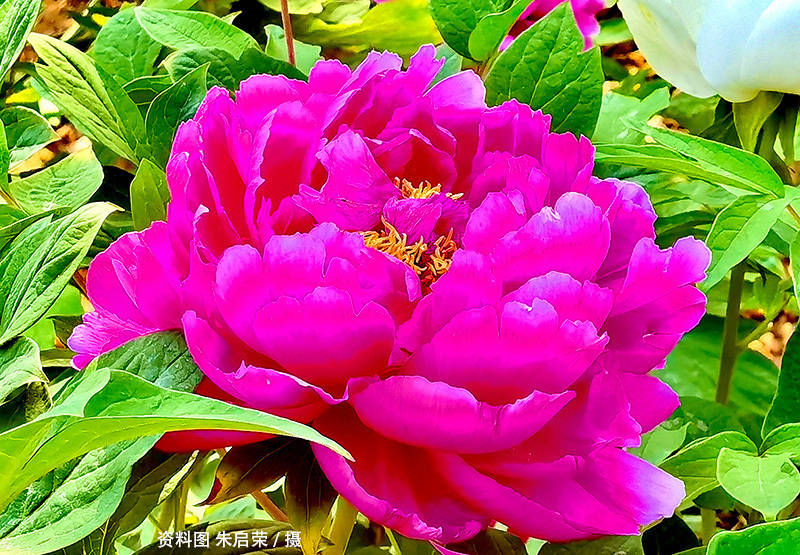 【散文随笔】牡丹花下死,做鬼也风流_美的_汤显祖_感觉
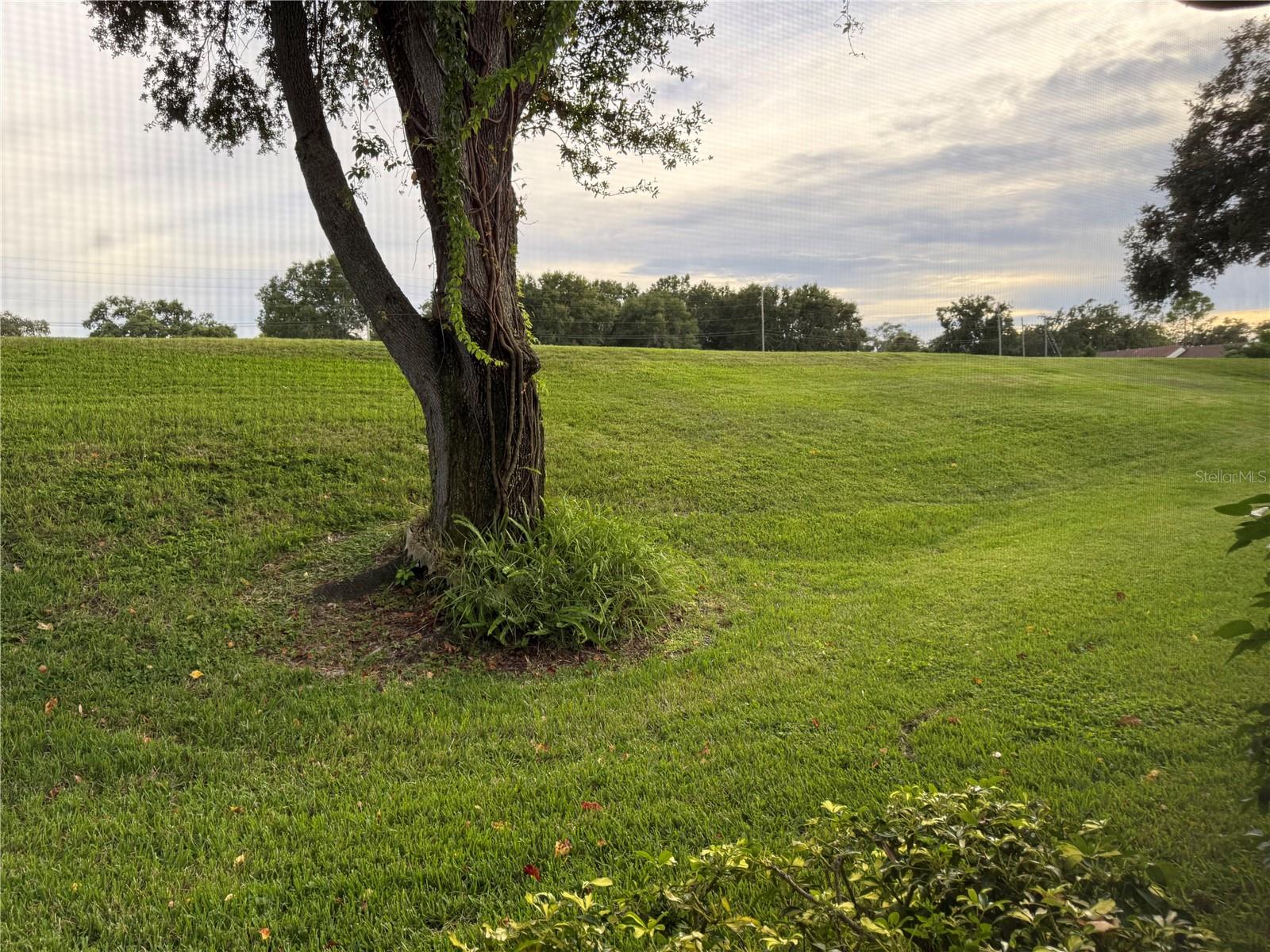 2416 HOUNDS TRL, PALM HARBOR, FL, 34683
==
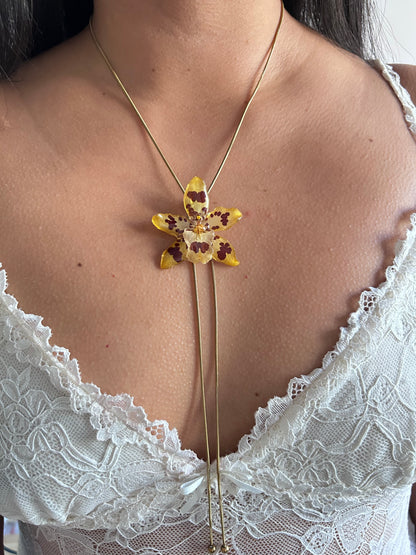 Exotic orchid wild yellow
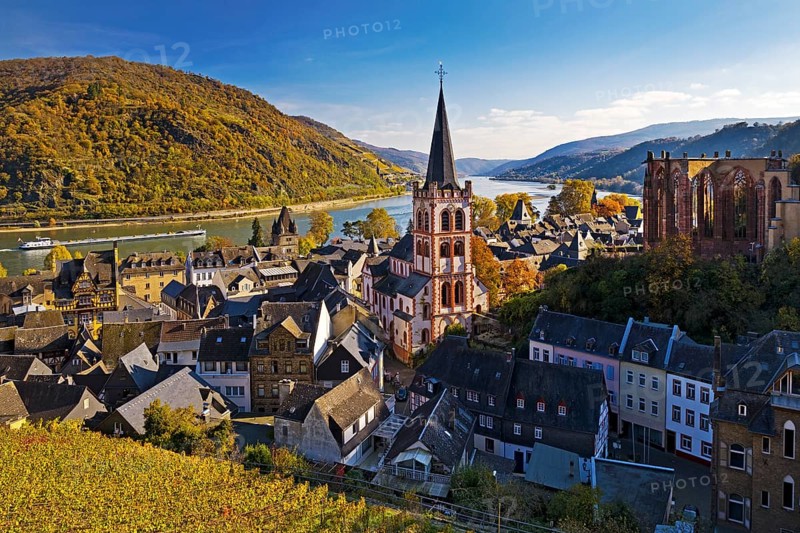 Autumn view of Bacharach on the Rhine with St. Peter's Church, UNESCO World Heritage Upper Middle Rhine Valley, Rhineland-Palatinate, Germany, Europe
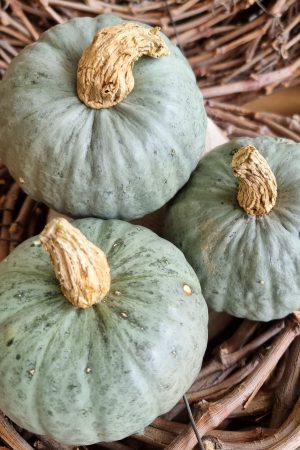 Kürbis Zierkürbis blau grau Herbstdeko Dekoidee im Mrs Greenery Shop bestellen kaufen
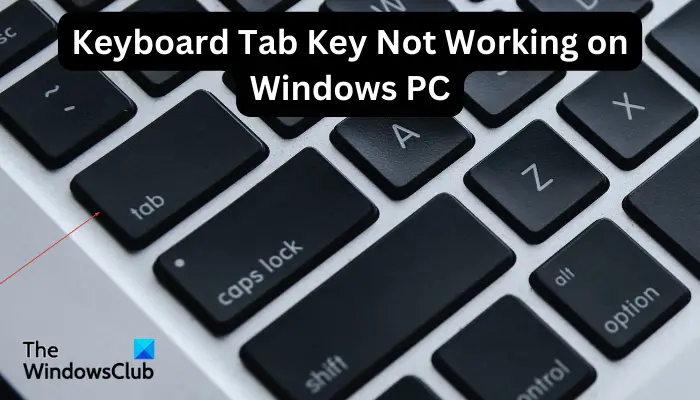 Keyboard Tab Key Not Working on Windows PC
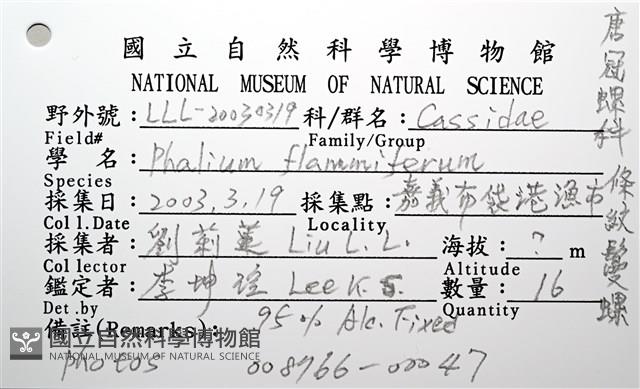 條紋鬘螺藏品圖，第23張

→ **Your task**
From the line with "Kürbis Zierkürbis blau" up to and including the line with "條紋鬘螺藏品圖，第23張" above, retype every line exactly and nothing more; leave out the pictures.

→ **Answer**
 Kürbis Zierkürbis blau grau Herbstdeko Dekoidee im Mrs Greenery Shop bestellen kaufen
 Keyboard Tab Key Not Working on Windows PC
 條紋鬘螺藏品圖，第23張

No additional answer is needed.